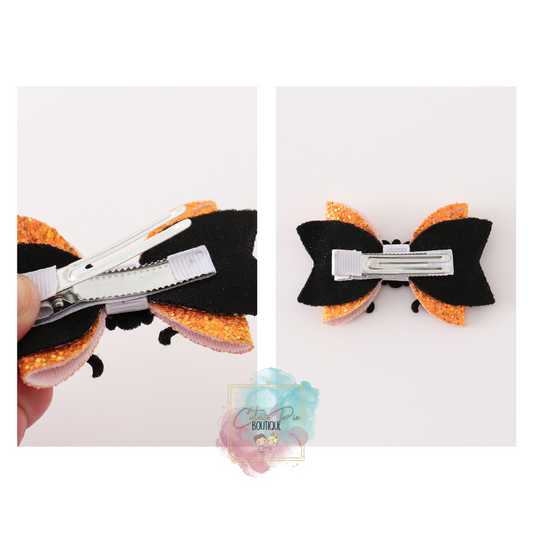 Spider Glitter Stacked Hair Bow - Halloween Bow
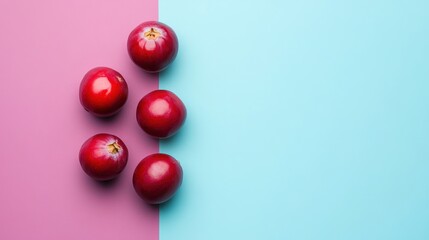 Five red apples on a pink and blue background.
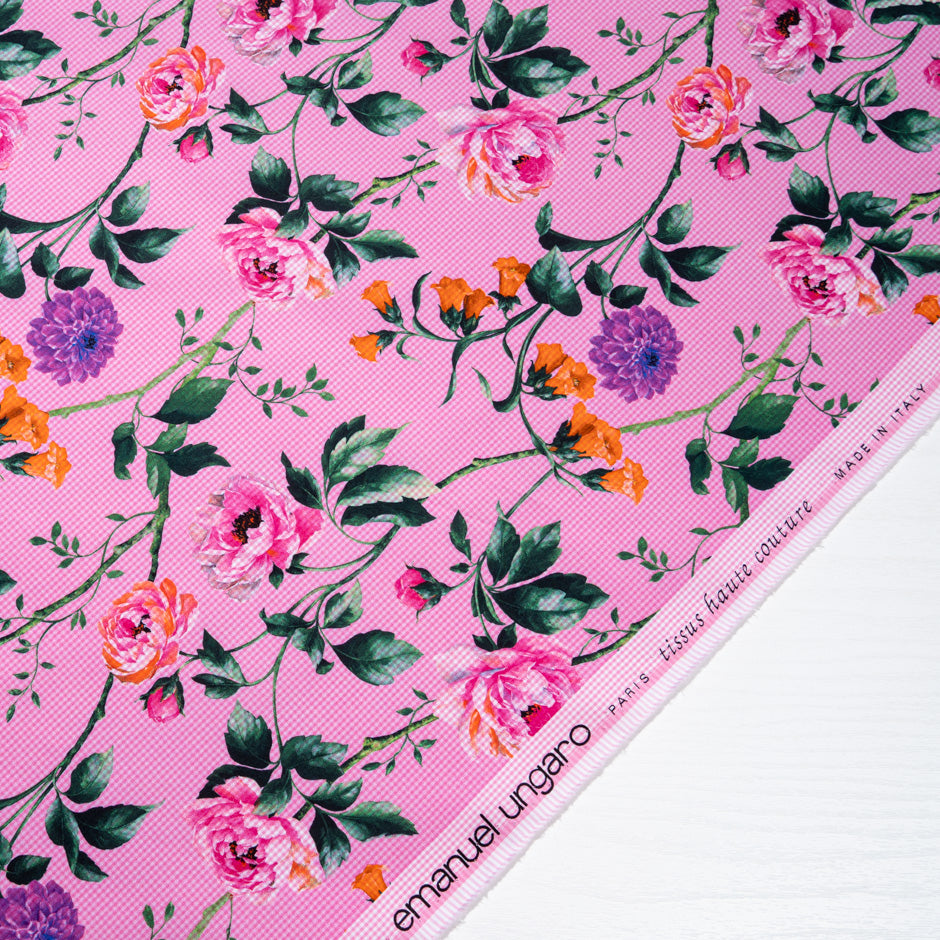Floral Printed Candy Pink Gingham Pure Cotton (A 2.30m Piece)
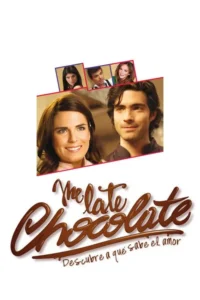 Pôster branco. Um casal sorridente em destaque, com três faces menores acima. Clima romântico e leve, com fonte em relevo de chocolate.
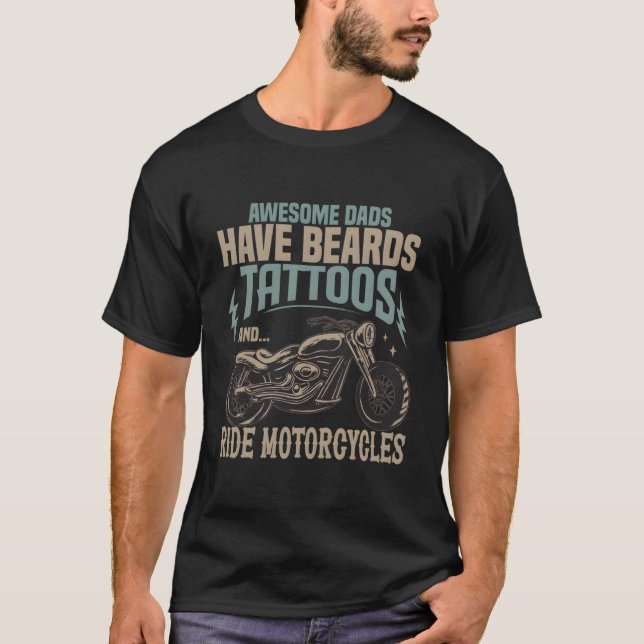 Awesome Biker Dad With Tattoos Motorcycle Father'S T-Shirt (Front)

===============

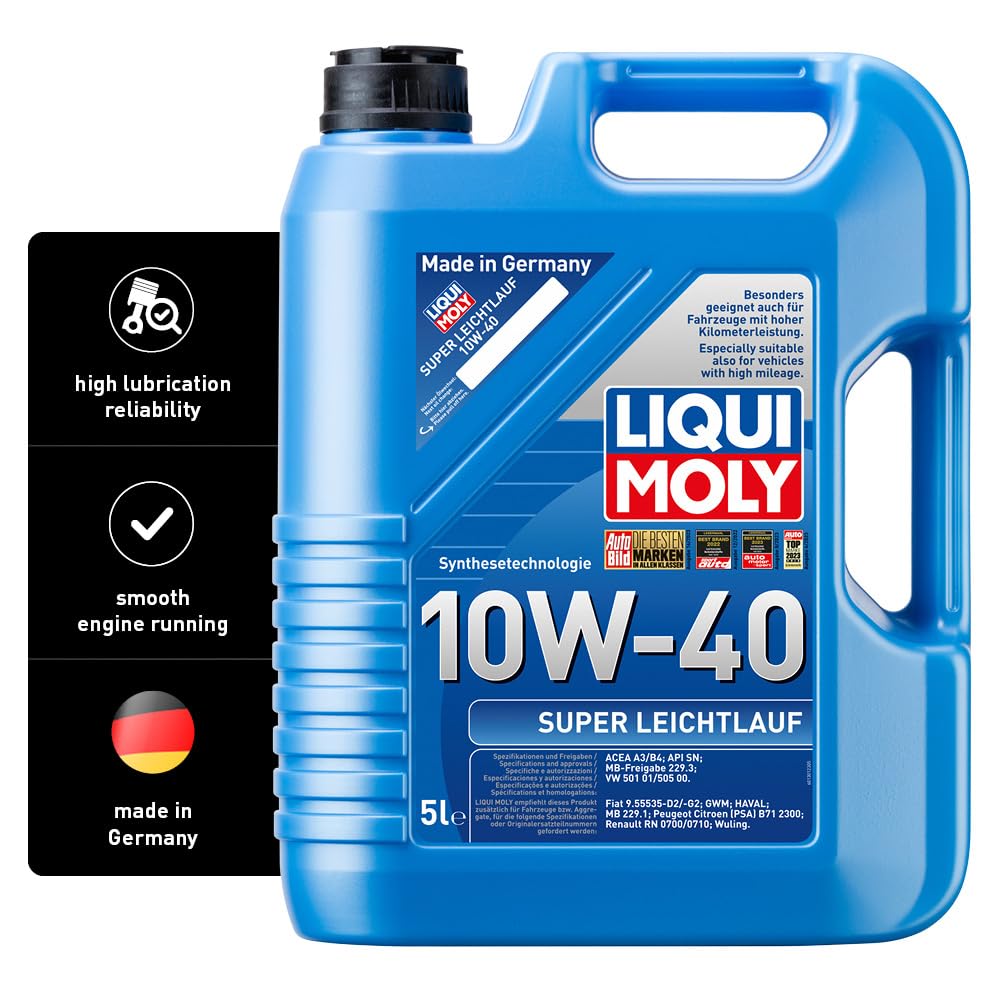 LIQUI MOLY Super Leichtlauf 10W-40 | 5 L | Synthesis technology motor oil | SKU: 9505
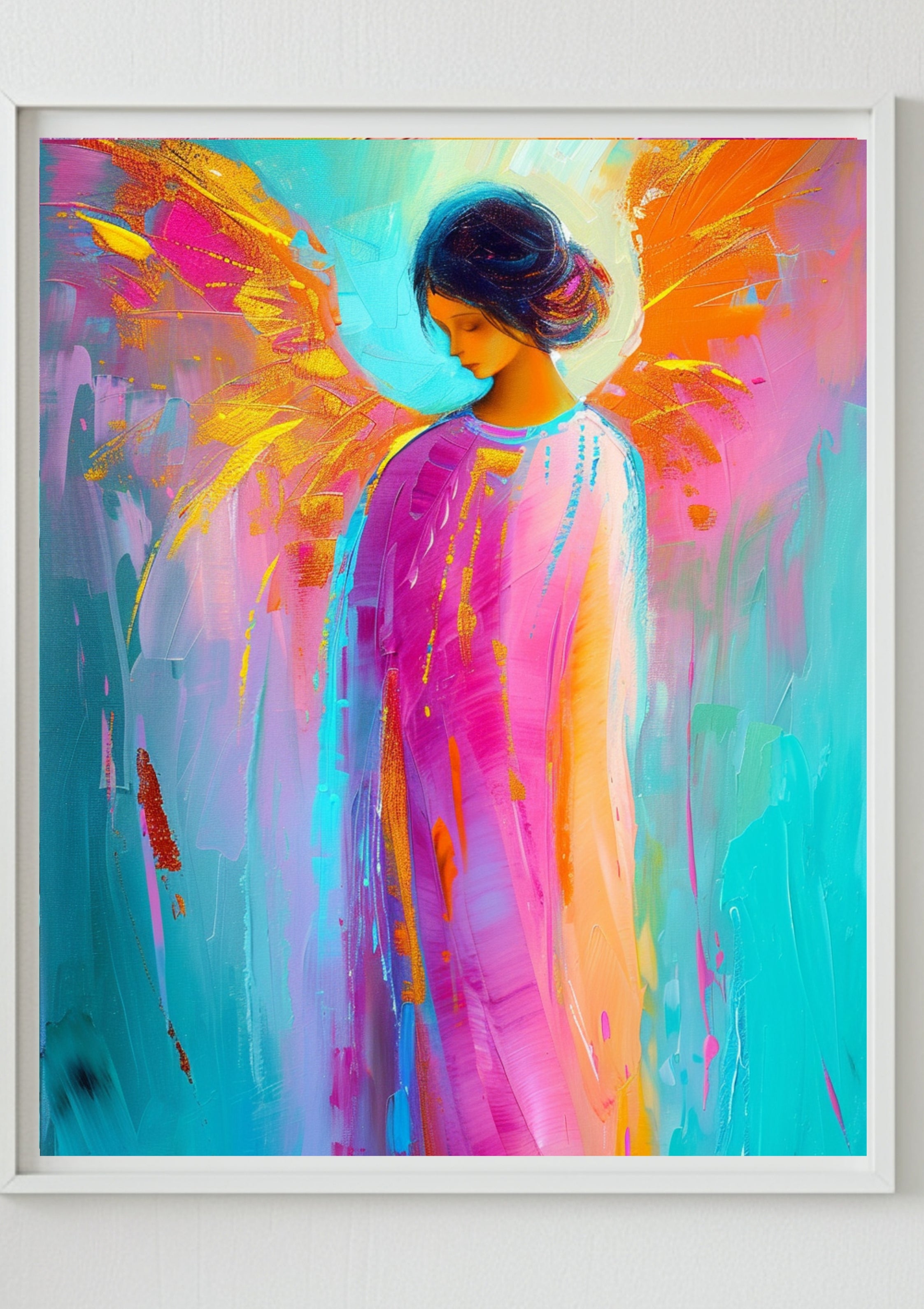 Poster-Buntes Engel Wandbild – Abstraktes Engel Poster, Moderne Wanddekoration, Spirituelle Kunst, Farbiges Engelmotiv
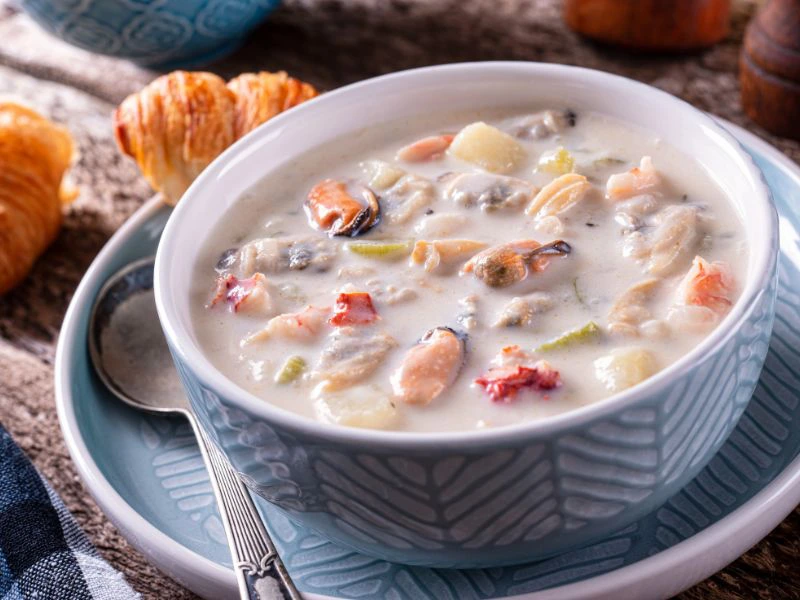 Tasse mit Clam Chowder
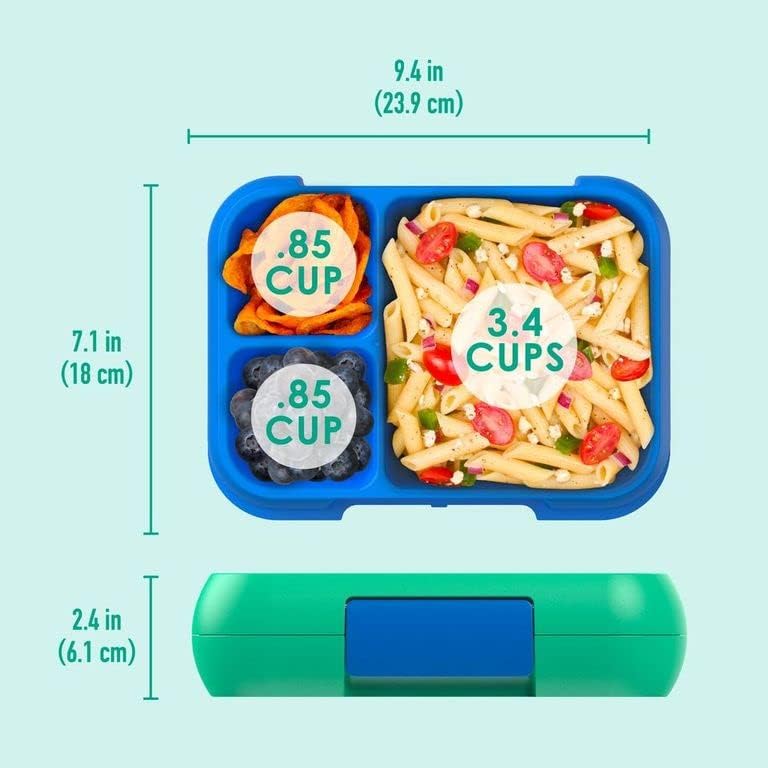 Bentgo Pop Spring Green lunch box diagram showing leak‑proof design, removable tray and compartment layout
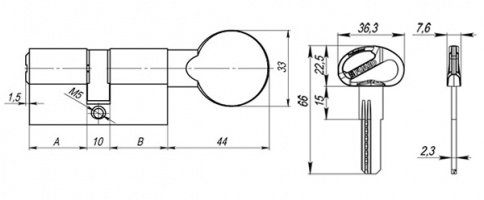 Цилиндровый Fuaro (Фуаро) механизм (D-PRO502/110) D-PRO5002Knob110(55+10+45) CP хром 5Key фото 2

===============

(Try it) In the data above, find the line with "Five red apples" and the line with "Awesome Biker Dad". Please copy exactly those two lines and every line between them, but not the pictures.

(Finished exercise)
 Five red apples on a pink and blue background.
Floral Printed Candy Pink Gingham Pure Cotton (A 2.30m Piece)
 Pôster branco. Um casal sorridente em destaque, com três faces menores acima. Clima romântico e leve, com fonte em relevo de chocolate.
 Awesome Biker Dad With Tattoos Motorcycle Father'S T-Shirt (Front)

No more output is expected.